DATASET ENTRIES:

- - -

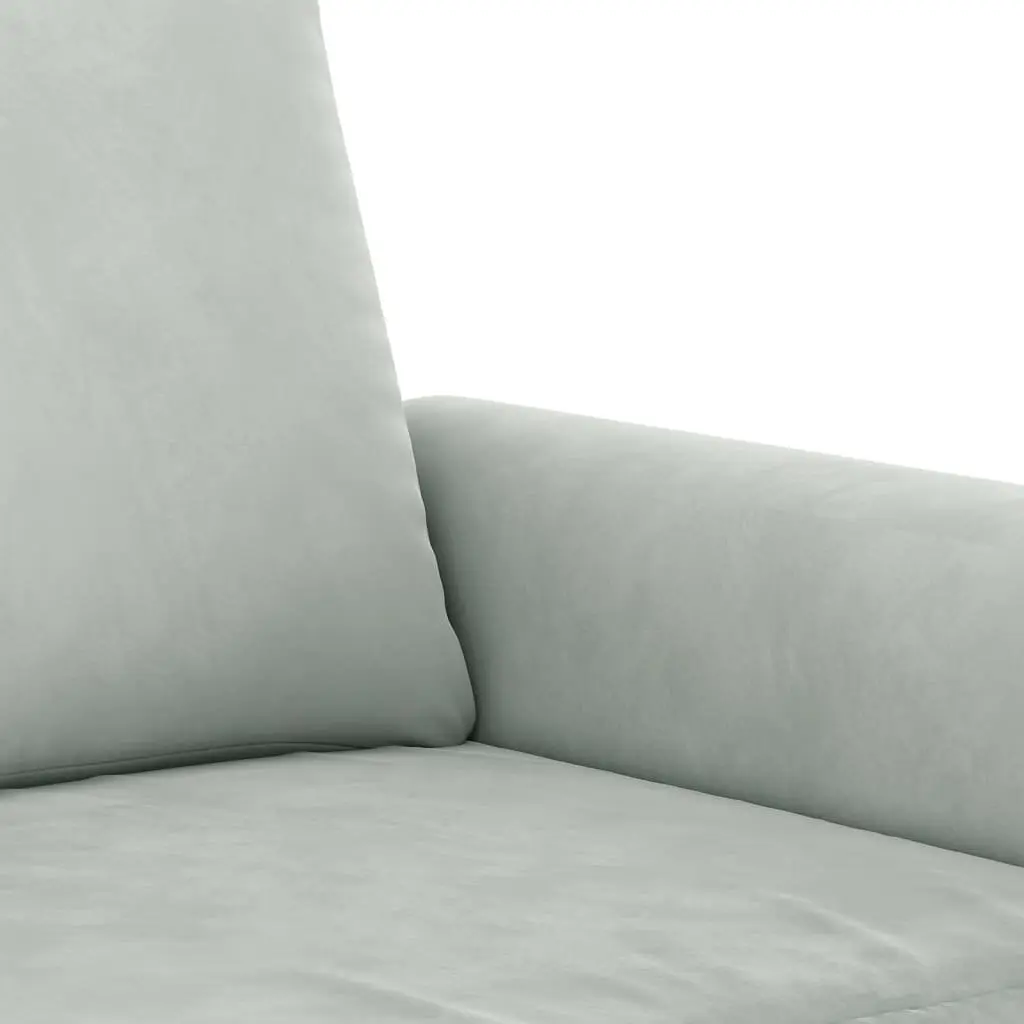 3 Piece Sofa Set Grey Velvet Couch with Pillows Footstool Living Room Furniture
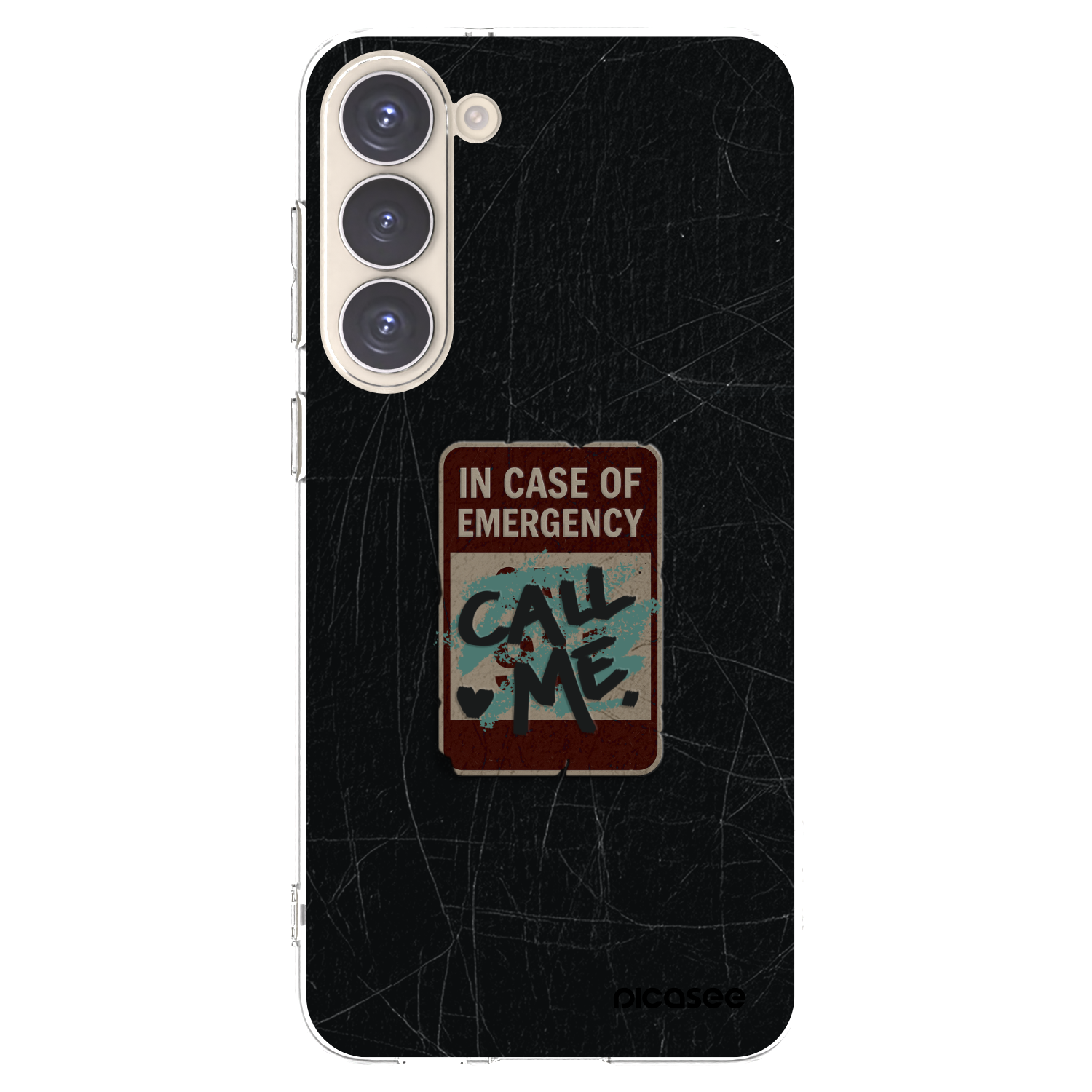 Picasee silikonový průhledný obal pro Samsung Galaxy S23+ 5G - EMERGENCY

- - -

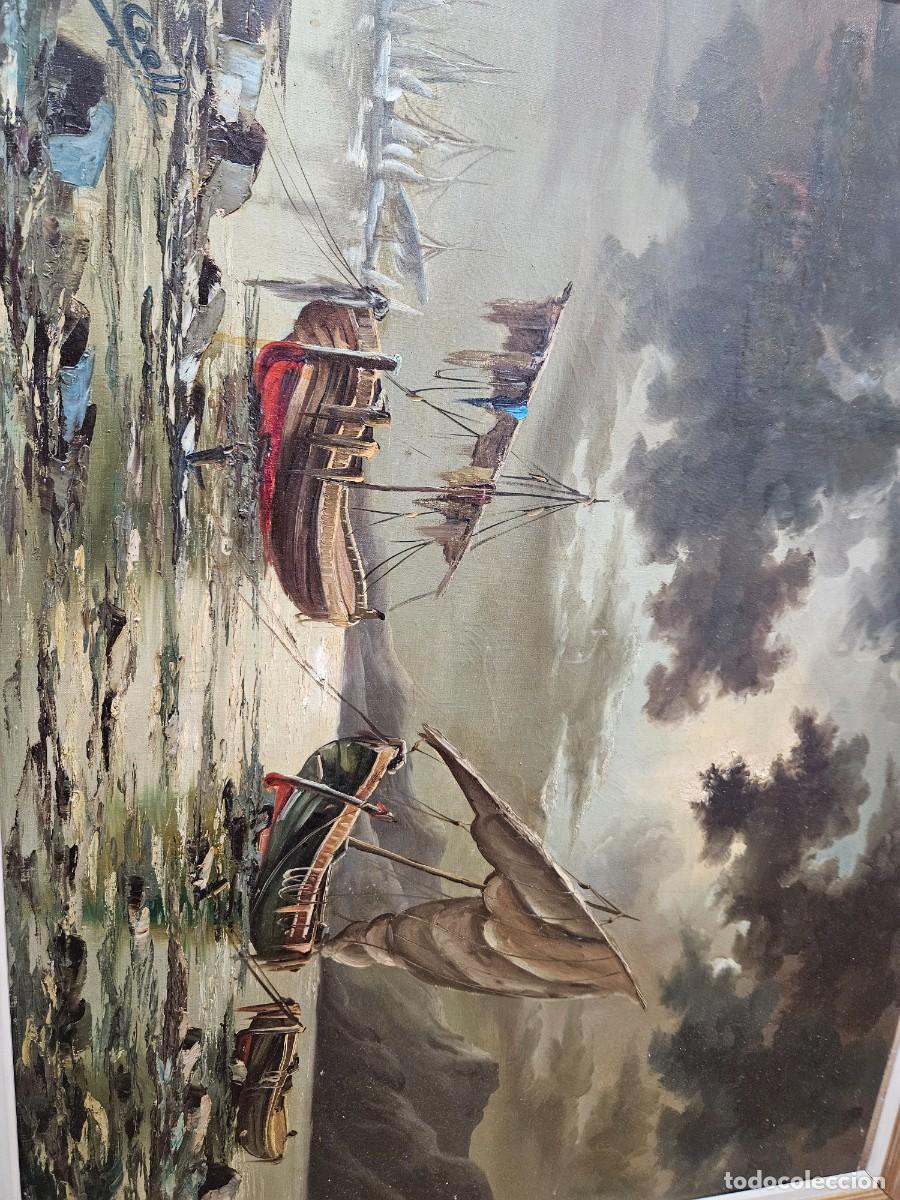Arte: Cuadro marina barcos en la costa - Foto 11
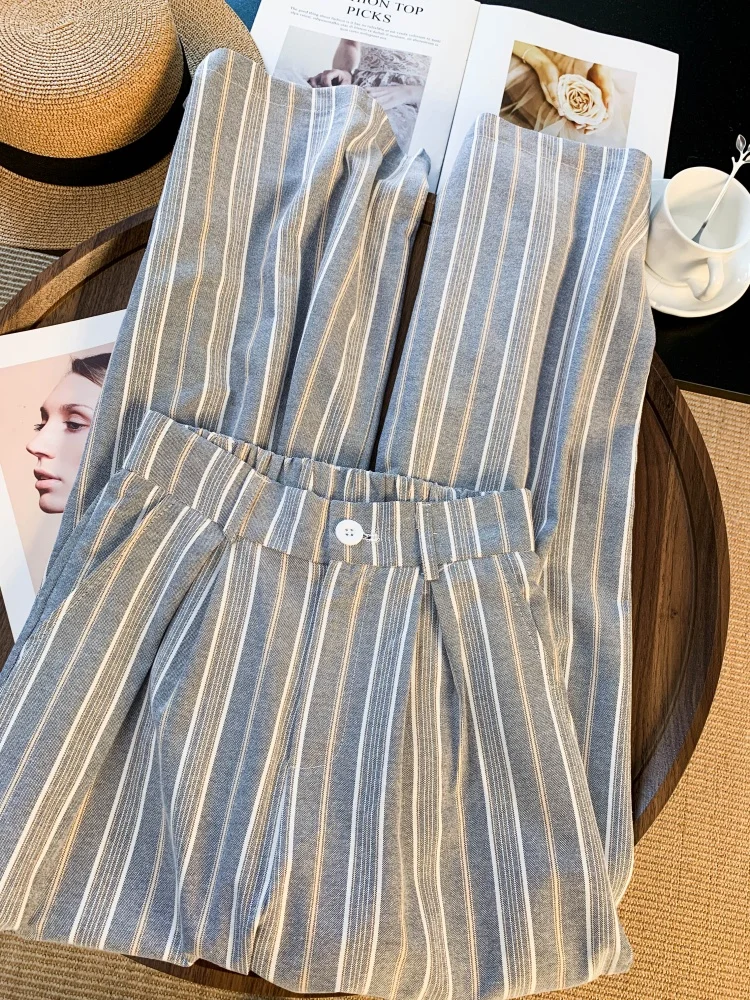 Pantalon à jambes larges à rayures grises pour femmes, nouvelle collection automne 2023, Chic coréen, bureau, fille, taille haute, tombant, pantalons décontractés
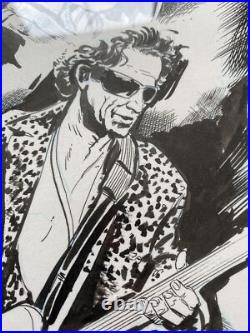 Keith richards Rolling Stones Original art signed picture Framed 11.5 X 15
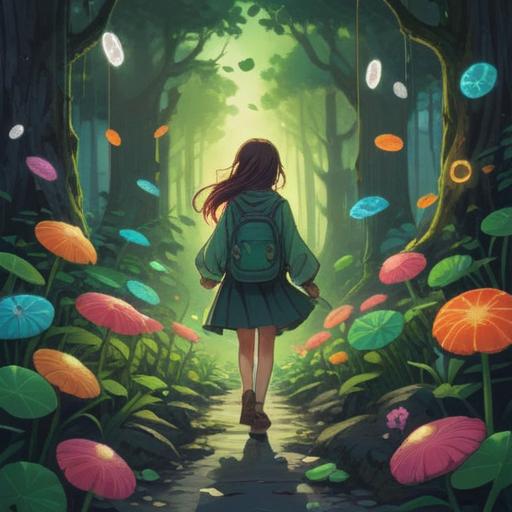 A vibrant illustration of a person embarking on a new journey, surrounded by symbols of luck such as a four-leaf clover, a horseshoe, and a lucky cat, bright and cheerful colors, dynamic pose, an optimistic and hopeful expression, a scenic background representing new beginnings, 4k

- - -

WHAT THE TASK REQUIRES: With the pictures removed from your copy, retype the lines above from the one that contains "3 Piece Sofa" through the one that contains "Picasee silikonový průhledný", exactly.

ANSWER TO THIS TASK:
 3 Piece Sofa Set Grey Velvet Couch with Pillows Footstool Living Room Furniture
 Picasee silikonový průhledný obal pro Samsung Galaxy S23+ 5G - EMERGENCY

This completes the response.